- Occupation: Investigative journalist on Dateline at SBS TV

= Mark Davis (journalist) =

Australian investigative journalist

Mark Davis is an Australian investigative journalist and lawyer, best known for his work on Dateline for SBS TV, where he is currently a co-presenter and video journalist.

Davis was educated at Warrandyte Primary School and then St Kevin's College in Melbourne.

==Career==
===ABC TV===
Prior to commencing at SBS, Davis' background was as an investigative journalist with the ABC TV Foreign Correspondent and Four Corners programs.

Working on Foreign Correspondent in North Korea, Davis was awarded the 1998 Walkley Award for Excellence in Journalism for his report on North Korea Famine and in the same year was awarded the New York Festivals award for coverage of an ongoing news story, The Lion of the Panshi. Whilst at Four Corners, Davis won the 1998 Walkley Award for Best International Report with Peter McEvoy for The Survivor's Story and the 1999 Walkley Award for Best TV Current Affairs Report, called Blood on the Cross.

===SBS TV===
Davis first hosted Dateline from 2003 to 2004, succeeding Jana Wendt and preceding George Negus. Davis went on assignment and returned to the program in 2011 as a co-host with video journalist Yalda Hakim. Both Davis and Hakim take turns presenting the program in approximately six week blocks, while the other is away on assignment.

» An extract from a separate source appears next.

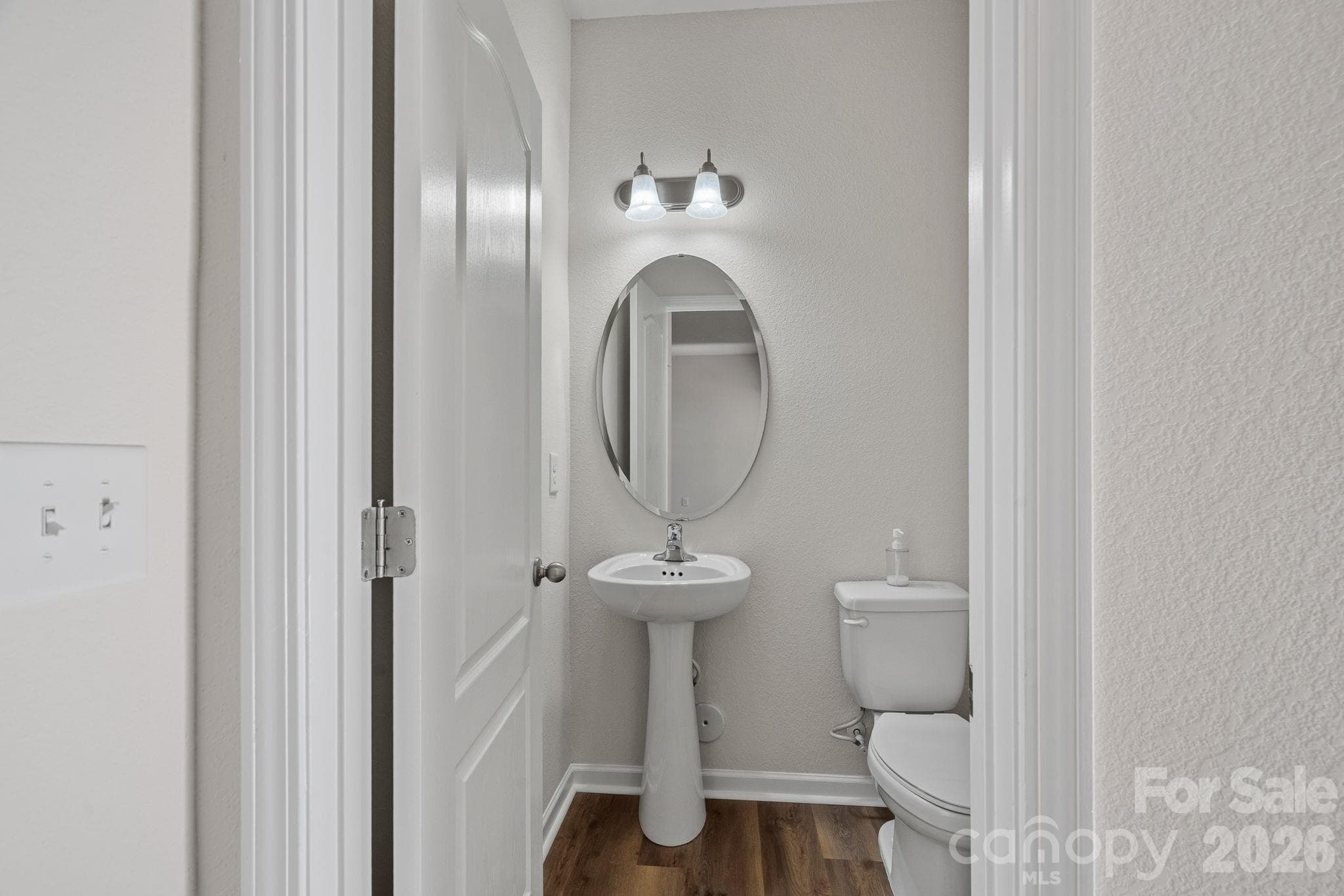 Downstairs powder room - 6215 Paw Village Road, Charlotte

Whilst on assignment, in 2007 Davis was just metres away from the bombings that greeted Benazir Bhutto's return to Pakistan and was in the thick of the action during Madagascar's coup in 2009. He has also won acclaim for reporting on the trial of Australian Guantanamo Bay detainee David Hicks. His previous interviews have also included Malaysia's former Prime Minister Mahathir Mohamad and Pakistan's former President Pervez Musharraf.

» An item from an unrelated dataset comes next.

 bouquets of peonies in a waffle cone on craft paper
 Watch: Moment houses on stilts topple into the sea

During 2010, Davis gained unprecedented access to Australian WikiLeaks founder Julian Assange, secured the first interviews with two of the Bali Nine and gained worldwide attention via the Dateline website for his profile of Dutch anti-Islam MP Geert Wilders.

Davis was nominated for the Most Outstanding Public Affairs category at the 2011 Logies Awards for The Condemned, an intimate portrayal of Bali Nine members Andrew Chan and Myuran Sukumaran, partially filmed inside Indonesia's Kerobokan death-row prison.

Davis has won a Logie and five Walkley Awards, including the Gold Walkley in 2000 for a Dateline report on pro-Indonesian militias in East Timor, called Blood Money.